WHAT THE EXERCISE ASKS: All of the data below should be printed again exactly, pictures excluded.
Start of DATASET CONTENT
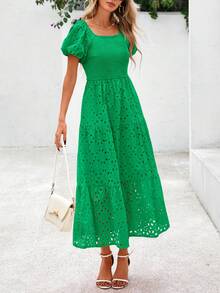 Summer Dresses For Women  Eyelet Square Neck Puff Sleeve Smocked Wedding Guest Maxi Dress With Pockets - Green - View 2
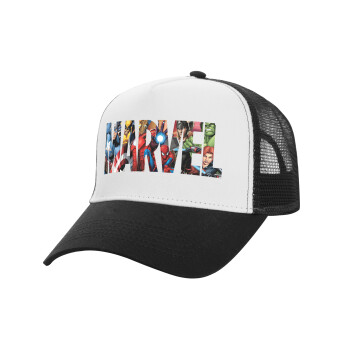 MARVEL characters, Adult Structured Trucker Hat, with Mesh, WHITE/BLACK (100% COTTON, ADULT, UNISEX, ONE SIZE)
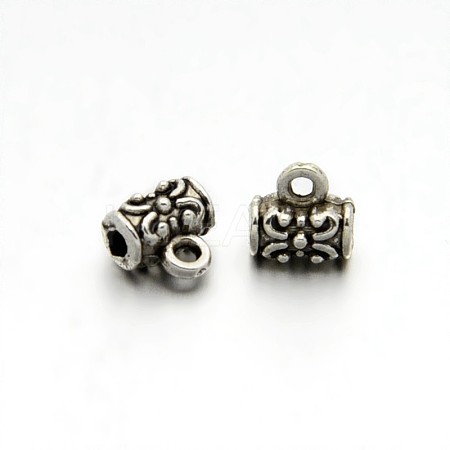 Tibetan Style Alloy Column Carved Flower Bail Beads LS-TIBEB-O004-50-1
End of DATASET CONTENT
SOLUTION TO THIS EXERCISE:
 Summer Dresses For Women  Eyelet Square Neck Puff Sleeve Smocked Wedding Guest Maxi Dress With Pockets - Green - View 2
 MARVEL characters, Adult Structured Trucker Hat, with Mesh, WHITE/BLACK (100% COTTON, ADULT, UNISEX, ONE SIZE)
 Tibetan Style Alloy Column Carved Flower Bail Beads LS-TIBEB-O004-50-1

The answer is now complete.